NATIONAL CITY BANCSHARES, INC.
By: /s/ Robert A. Keil
-----------------------------
Robert A. Keil, President
ATTEST:
/s/ Stephen C. Byelick, Jr.
- ----------------------------------
Stephen C. Byelick, Jr., Secretary
TRIGG BANCORP, INC.
By: /s/ Ben L. Cundiff
-----------------------------
Ben L. Cundiff, Chairman and CEO
ATTEST:
/s/ Jim J. Carr
- ----------------------------------
Jim J. Carr, Secretary
SHAREHOLDER:
/s/ Ben L. Cundiff
----------------------------------
Ben L. Cundiff
A-20
<PAGE>
EXHIBIT A
FORM OF AFFILIATE LETTER
Gentlemen:
In connection with the merger (the "Merger") of Trigg Bancorp, Inc., a
Kentucky corporation ("TBI"), with and into National City Bancshares, Inc., an
Indiana corporation ("NCBE"), pursuant to the Agreement and Plan of Merger dated
as of ________ __, 1998 (the "Agreement"), I have been advised that I may be
deemed to be an "affiliate" within the meaning of Rule 145 promulgated by the
Securities and Exchange Commission ("SEC") under the Securities Act of 1933, as
amended (the "1933 Act"), for the purposes of any resales of shares of the
common stock, without par value ($1.00 stated value per share), of NCBE to be
issued to me in the Merger (the "Shares").
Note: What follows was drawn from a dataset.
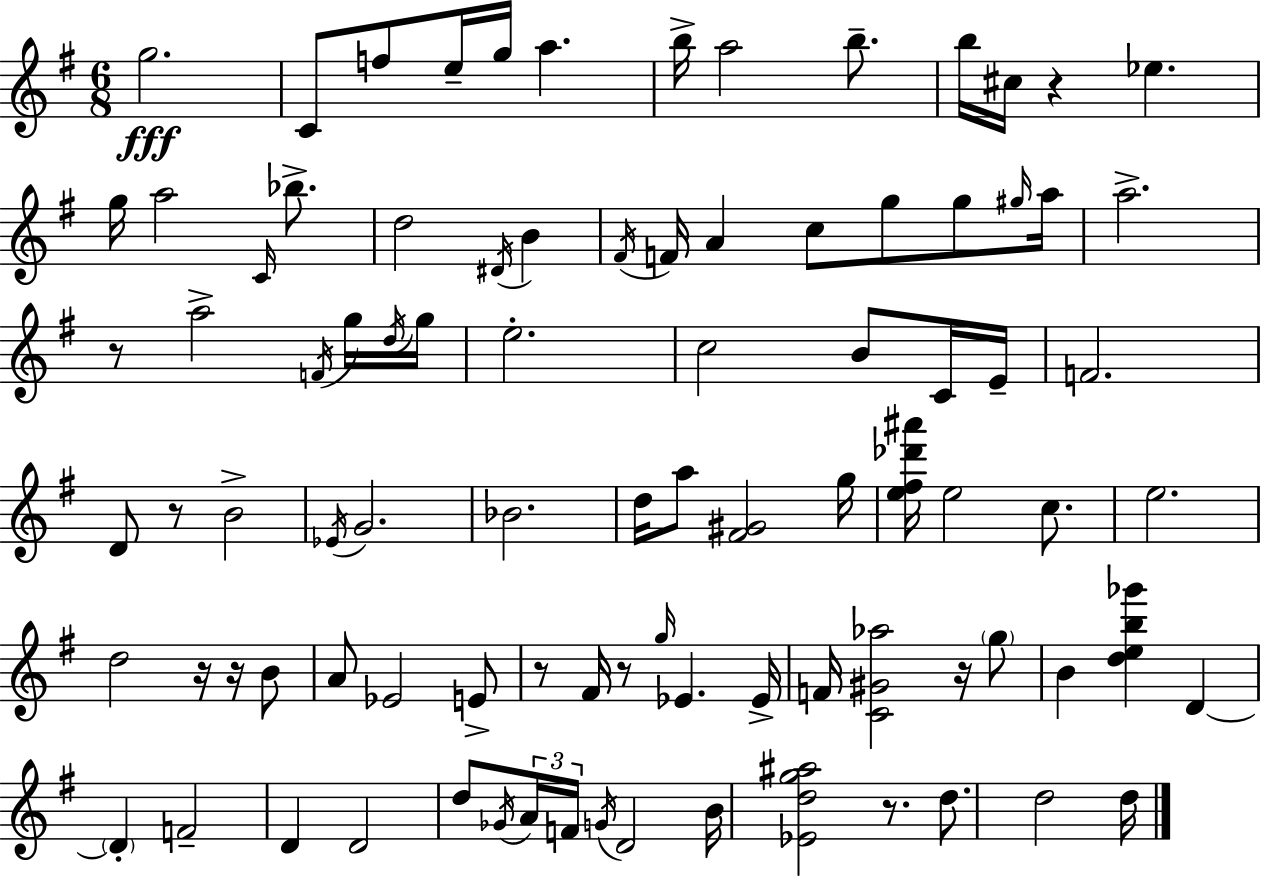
G5/h. C4/e F5/e E5/s G5/s A5/q. B5/s A5/h B5/e. B5/s C#5/s R/q Eb5/q. G5/s A5/h C4/s Bb5/e. D5/h D#4/s B4/q F#4/s F4/s A4/q C5/e G5/e G5/e G#5/s A5/s A5/h. R/e A5/h F4/s G5/s D5/s G5/s E5/h. C5/h B4/e C4/s E4/s F4/h. D4/e R/e B4/h Eb4/s G4/h. Bb4/h. D5/s A5/e [F#4,G#4]/h G5/s [E5,F#5,Db6,A#6]/s E5/h C5/e. E5/h. D5/h R/s R/s B4/e A4/e Eb4/h E4/e R/e F#4/s R/e G5/s Eb4/q. Eb4/s F4/s [C4,G#4,Ab5]/h R/s G5/e B4/q [D5,E5,B5,Gb6]/q D4/q D4/q F4/h D4/q D4/h D5/e Gb4/s A4/s F4/s G4/s D4/h B4/s [Eb4,D5,G5,A#5]/h R/e. D5/e. D5/h D5/s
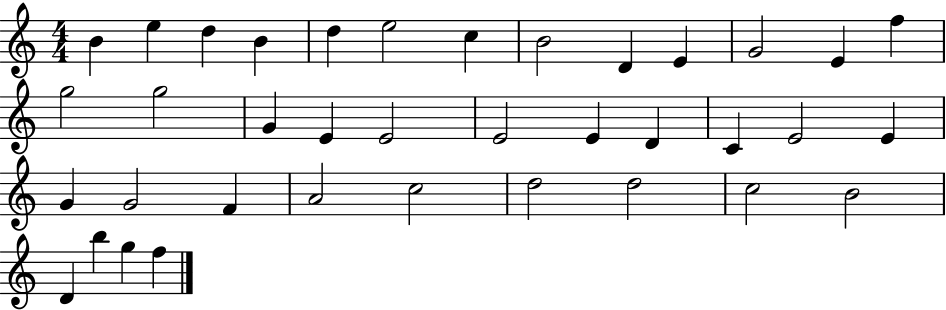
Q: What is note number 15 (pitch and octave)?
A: G5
I have also been advised that I may
be deemed an "affiliate" of TBI for purposes of qualifying the Merger for
pooling of interests accounting treatment under Opinion 16 of the Accounting
Principles Board. Based on such advice and in order to induce NCBE and TBI to
cause the Merger to be consummated, I hereby represent and warrant to, and agree
with NCBE and TBI as follows:
A. I hereby consent to the placing of a legend on the certificate or
certificates evidencing the Shares referring to the issuance thereof in a
transaction to which Rule 145 under the 1933 Act is applicable and to the
giving of stop transfer instructions to the transfer agent for the Shares
with respect to such certificate or certificates. The legend will state in
substance:
"The shares represented by this certificate were issued in a
transaction to which Rule 145 under the Securities Act of 1933 applies
and may be sold or otherwise transferred only in compliance with the
terms of such Rule."
B. I understand that NCBE is under no obligation to take any action
to facilitate the sale, transfer, or other disposition by me or on my
behalf of any of the Shares.
C. In the event of any sale or transfer of any of the Shares in a
transaction not involving a sale within the limits and in accordance with
the applicable provisions of Rule 145 or a sale in a registered public
offering, I will obtain from each transferee of the Shares in such
transaction a letter agreement substantially similar hereto, or a letter
containing such other information reasonably required by NCBE to evidence
an exception from the applicable registration requirements of federal or
state securities laws, which is binding and enforceable by NCBE against the
transferee.
It is understood and agreed that the legend set forth in Paragraph A above
shall be removed, and the related stock transfer restrictions shall be lifted
forthwith (i) if the sale or other transfer by me or on my behalf of my Shares
shall have been registered under the 1933 Act, (ii) if the sale or other
transfer by me or on my behalf of my Shares is not so registered, such sale is
exempt from the registration requirements of the 1933 Act, or (iii) upon the
expiration of the period specified in Rule 145(d)(3) under the 1933 Act, as it
may be amended from time to time.
I further represent to and covenant with NCBE that I have not, within
the preceding 30 days, sold, transferred or otherwise disposed of any shares
of TBI Common Stock held by me and that I will not sell, transfer or
otherwise dispose of any of the Shares received by me in the Merger until
after such time as results covering at least 30 days of combined operations
of TBI and NCBE have been published by NCBE, in the form of a quarterly
earnings report, an effective registration statement filed with the SEC, a
report to the SEC on Form 10-K, 10-Q or 8-K, or any other public filing or
announcement which includes such combined results of operations.
Very truly yours,
______________________________
A-21
<PAGE>
EXHIBIT B
FORM OF OPINION OF COUNSEL FOR NCBE
Capitalized terms used and not otherwise defined herein have the meanings
given them in the Plan and Agreement of Merger (the "Agreement").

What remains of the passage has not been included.